Each and every superhero has their own mythology, complete with allies, villains, weapons, secret locations and terminology that’s exclusive to the character. It wasn’t much of a stretch for moviegoers to be able to understand Spider-Man or Batman’s background, but Thor? That’s a whole other animal. His story is steeped in Norse mythology, which isn’t exactly the most popular major on college campuses, so many are unfamiliar with the legends that inspired the hero’s creation.
Below, I’ve listed a handful of terms that will come in handy when watching Paramount Pictures and Marvel Studios Thor. They’ll help you keep up with the story when you’re watching the God of Thunder smash his way through alien worlds and may actually inspire you to pick up a comic book…or choose your next history class.
The home of the Norse gods and one of the nine realms of the universe. It’s a shining golden city powered by magic, presided over by Odin and his kin, Thor and Loki. It exists in another dimensional plane and is about the size of the United States. It is not round like the Earth and does not spin on its axis nor revolve around the sun. It is a flat, asteroid-like mass that has a top surface with a gravitational pull, similar to that of the Earth’s, in order to keep the citizens and their cities from floating into the void. I want to go to there.
We humans don’t give our power tools names; generally Black & Decker takes care of that. But the mighty rulers of Asgard all have monikers for their special weapons and Thor’s mystical hammer is no different. It’s called Mjolnir (pronounced M-Yol-Neer) and it allows the son of Odin to harness the power of the storm (lightening, thunder and rain) and fly! Needless to say, he won’t leave home without it.
Dr. Donald Blake
Thor’s alias on Earth. In the comics, when Odin banished his son to a life amongst mortal men, Thor inhabited the body of a handicapped medical student — Donald Blake. The kicker? He had no recollection of his life in the heavens.
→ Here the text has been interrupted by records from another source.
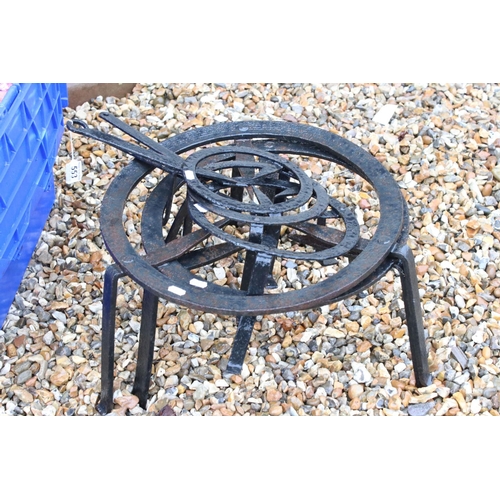 553 - Five Wrought Iron Trivets, largest 47cm diameter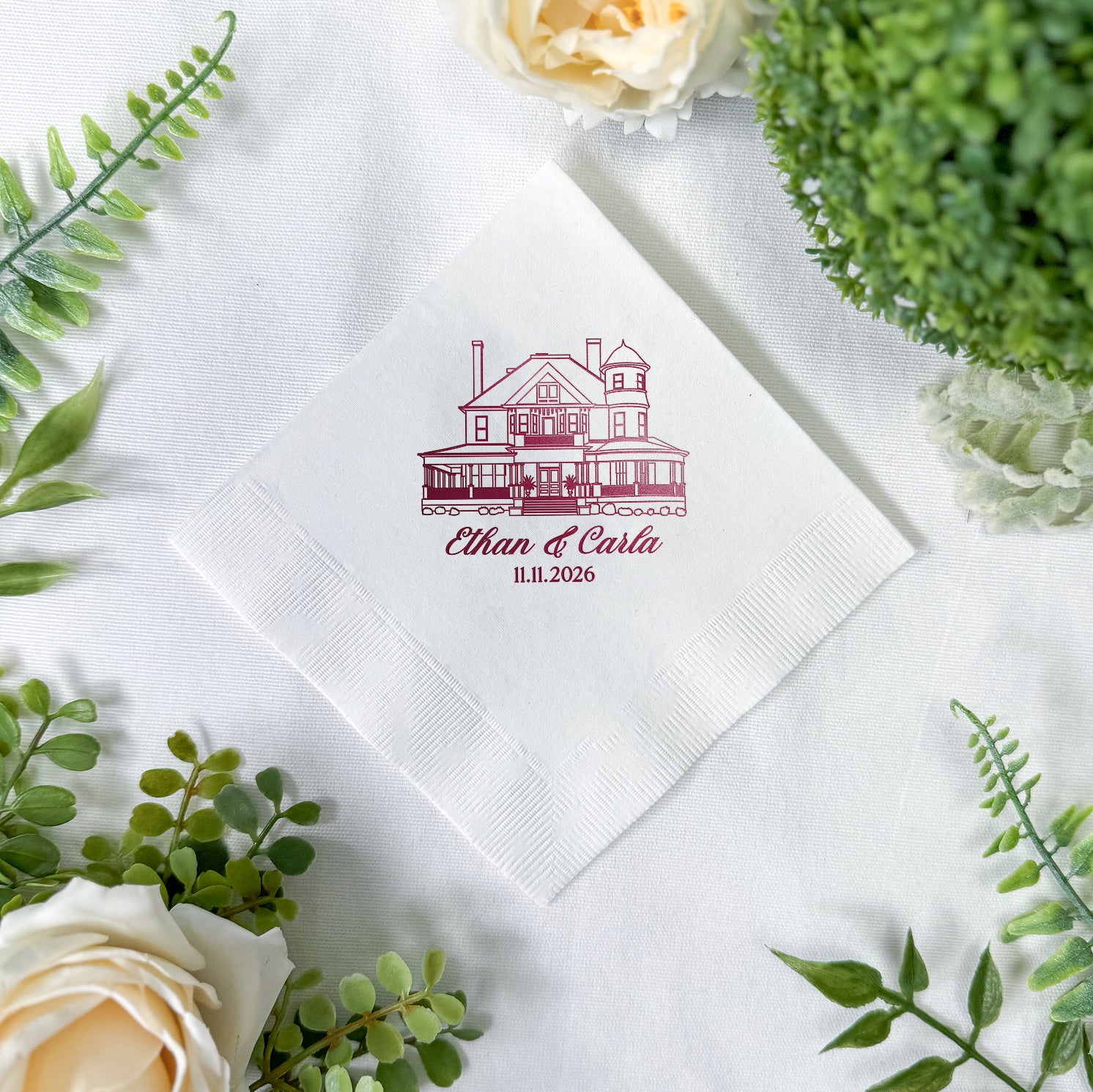 Personalized cocktail napkins with venue sketch design showing couple's names, venue illustration, and wedding date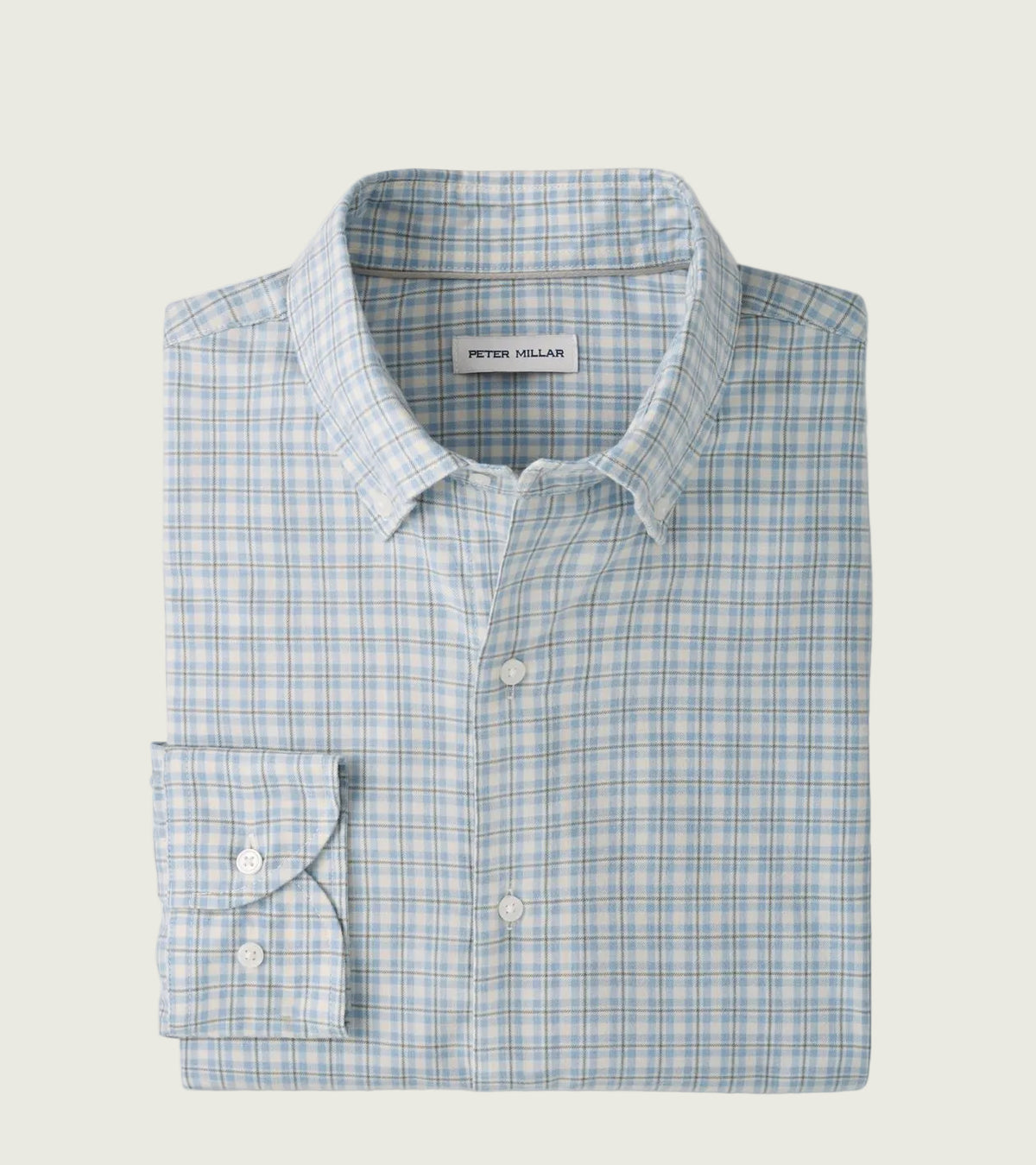 A folded Peter Millar dress shirt with a light blue and white windowpane plaid pattern, featuring a classic collar, button-down front, and a single-button folded cuff.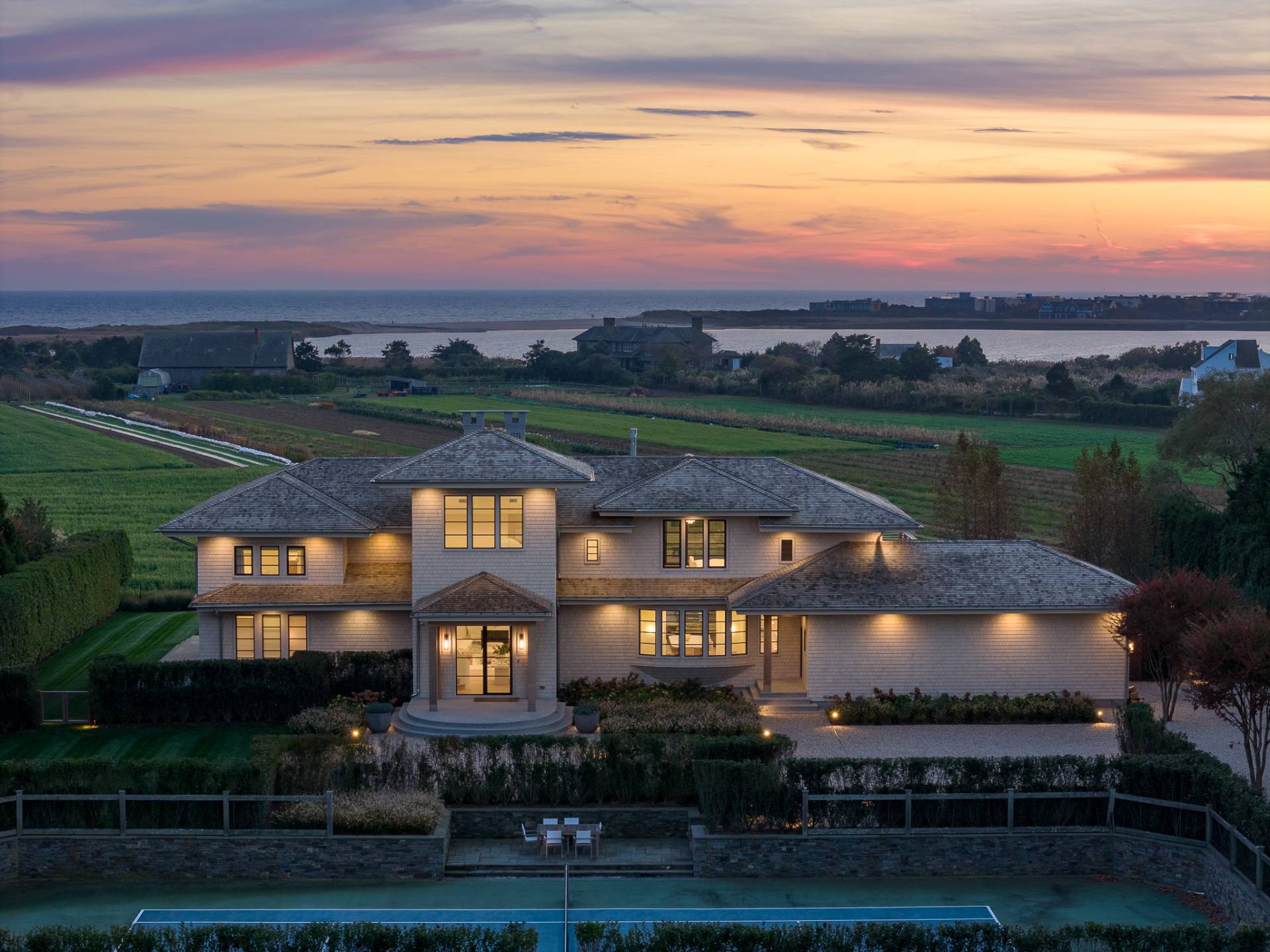 an aerial view of a house with yard swimming pool and outdoor seating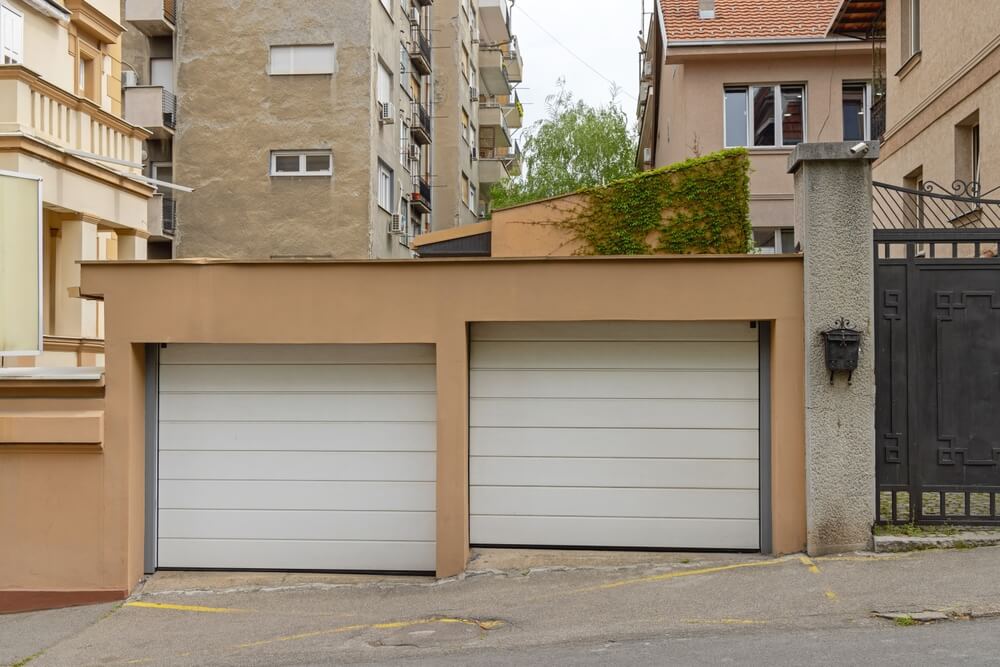 Two-car garage with dark brown doors beneath a steep gray tiled roof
Blake eventually graduated with honors and opened his own practice, but a trip to Norway eventually jogged his memory and Thor was from that point on able to switch back and forth between Blake and his true self. In the film, the Blake identity is used more as an inside nod for longtime fans, but it does come in handy when our hero is detained by S.H.I.E.L.D. agents.
One of the nine realms in the universe and home to a race of beings known as the Frost Giants, sworn enemies of Asgard and Earth. Thor wages an epic war on the giants on their turf in the film and, in a cataclysmic turn of events, the planet is nearly destroyed.
Speaking of things being destroyed, no being in Asgard does it better than Destroyer. An obedient guard dog of the Asgardian’s prized relics and a protector of all life against the intergalactic entities known as the Celestials, the metal-clad being is a powerful force to be reckoned with. Its energies come from the known gods of Earth, who all gave the inanimate weapon small pieces of their own power to fuel its wrath. Bottom line: stay out of its way.
This is the portal that is used to send the gods from Asgard to other realms in the universe. Also known as the Rainbow Bridge, in the comics it exclusively transports people from Asgard to Midgard (Earth), but in the film it also sends Thor, Sif and the Warrior’s Three to Jotunheim and, presumably, other worlds as well. It is guarded by Heimdall, who Odin entrusted the safety of Asgard to.
Casket of Ancient Winters
A powerful, deadly and uncontrollable Asgardian artifact, the Casket contains the fury of a thousand killing winters, creating massive snowstorms (if opened) that can freeze an entire civilization. It has passed through the hands of many gods in the comics and was used against Thor by the demon Surtur in an epic battle. In the film, it is a maguffin that sets the story in motion.